En vez de negarlo ha llegado el momento de que se sincere con el país, que le diga su verdad, que la cocaína ha sido y sigue siendo el “combustible” de la Revolución Bolivariana, uno de sus principales recursos estratégicos; por eso él como presidente de un país productor- contribuidor de esa revolución es más importante que otros presidentes del socialismo del siglo XXI. Podría decir que está convencido de que el negocio de la cocaína es bueno para Bolivia por el efecto multiplicador de los coca-dólares que genera, aunque se lo considere al narcotráfico un crimen de lesa humanidad y a la cocaína un arma de destrucción masiva porque mata lentamente a millones de personas, como lo sostenía el ex presidente de Venezuela Carlos Andrés Pérez (fallecido), posición con la que muchos estamos de acuerdo.
Que salga a defenderlo el Sr. Vicepresidente no tiene importancia porque nadie le cree, aunque le otorguen títulos de “Honoris Causa”

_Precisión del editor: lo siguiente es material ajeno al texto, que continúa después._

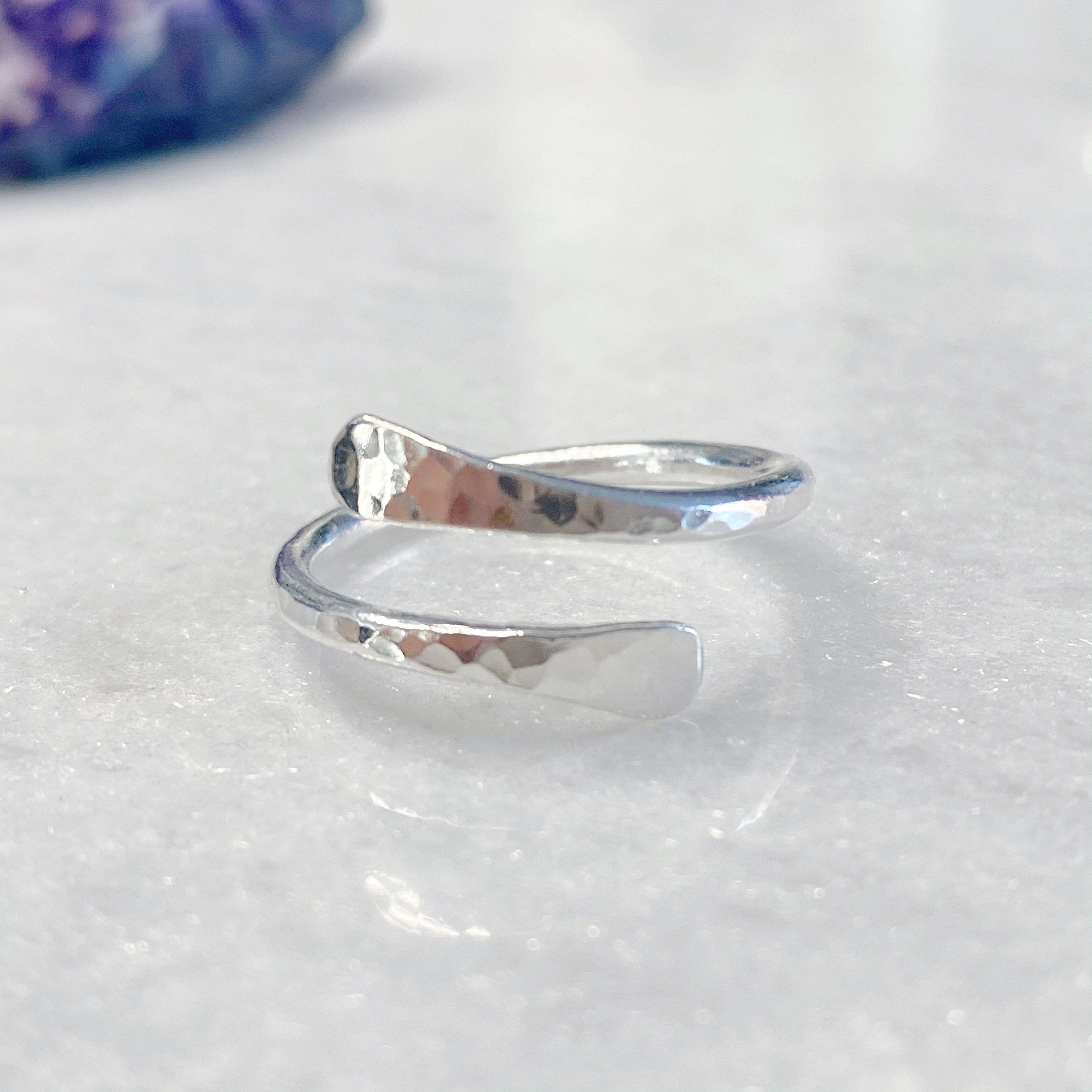 Hammered silver thumb ring deals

Pero hay cosas que nunca podrá justificar ni con fábulas el presidente Morales, los asesinatos en los que se sospecha que está comprometido desde antes que sea presidente y durante su gobierno, y al que tal vez se agregue el del General Valenzuela que fue Jefe de Estado Mayor de la FAB, cuya muerte relata el periodista Coutiño en su libro “Chávez o espectro”.
¿Podríamos asumir la hipótesis de que las personas que comentan sobre estas cosas a través de los medios de comunicación corren el riesgo de ser asesinadas por el gobierno?
Después de ese sinceramiento el Sr. Presidente debería renunciar a su cargo o por lo menos adelantar la fecha de las próximas elecciones generales para dignificarse un poco y por supuesto, no ser candidato.
El presidente Morales da vergüenza como presidente de Bolivia, más parece un capo mafioso que un político. Desde lo más profundo de mi corazón quisiera estar equivocado, pero todos los caminos conducen a Roma.